Zcash has announced that it plans to add a new consensus rule in order to protect its coin supply against counterfeiting attacks. Although Zcash offers privacy features, some of its coins move in such a way that they can be observed via a “turnstile” effect. Beginning in May, Zcash will reject blocks should they show signs of counterfeiting—something that hasn’t happened yet.
Over the past year, Zcash discovered and patched a vulnerability that could have allowed attackers to freely mint new ZEC tokens instead of mining them. Fortunately, this vulnerability was never exploited and has now been patched. However, the recent patch prevents just one known method of counterfeiting. This new rule will protect against any type of counterfeiting.
An overarching solution is important because Zcash’s privacy features make it difficult for anyone to detect counterfeiting directly. Although many Zcash wallets and addresses don’t make use of these privacy features, some Zcash addresses are “shielded.” This means that only some participants can view a particular address’s value, making it hard to say whether counterfeiting has taken place.
However, counterfeiting can also be detected indirectly. Zcash has two pools of shielded addresses and one pool of transparent addresses. Values can be measured whenever ZEC tokens enter or leave shielded pools—just as a turnstile can be used to count people who pass through it. If more ZEC tokens leave a pool than have entered it, counterfeiting has probably taken place.
Preventing Possible Attacks
Zcash has already used the turnstile effect to demonstrate that counterfeiting hasn’t occurred yet. But starting in May, Zcash nodes will be actively required to reject blocks in which incoming values and outgoing values total a negative amount. This means that Zcash’s coin supply will be safe, even if counterfeiting does take place.
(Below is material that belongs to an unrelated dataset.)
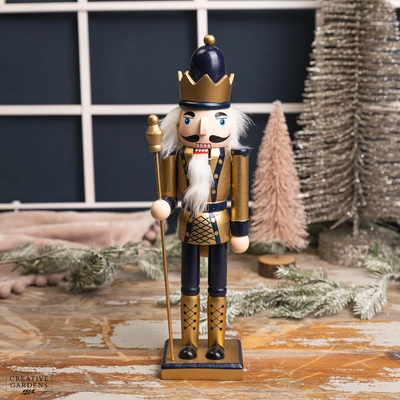 30Cm Wooden Blue And Gold Nutcracker With Spear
This feature will be tested extensively before it is deployed to Zcash’s main blockchain. However, there could be some issues. Due to irregularities in public tracking, users may not be able to transfer all of their funds out of a shielded pool. Zcash says this is necessary in order to keep counterfeit coins contained.
This change could provide very strong security. More cynically, it could indicate that Zcash has found another vulnerability. Although Zcash says otherwise, the project would need to keep such matters a secret in order to preserve security. It is possible that more details will emerge after the feature is activated in May.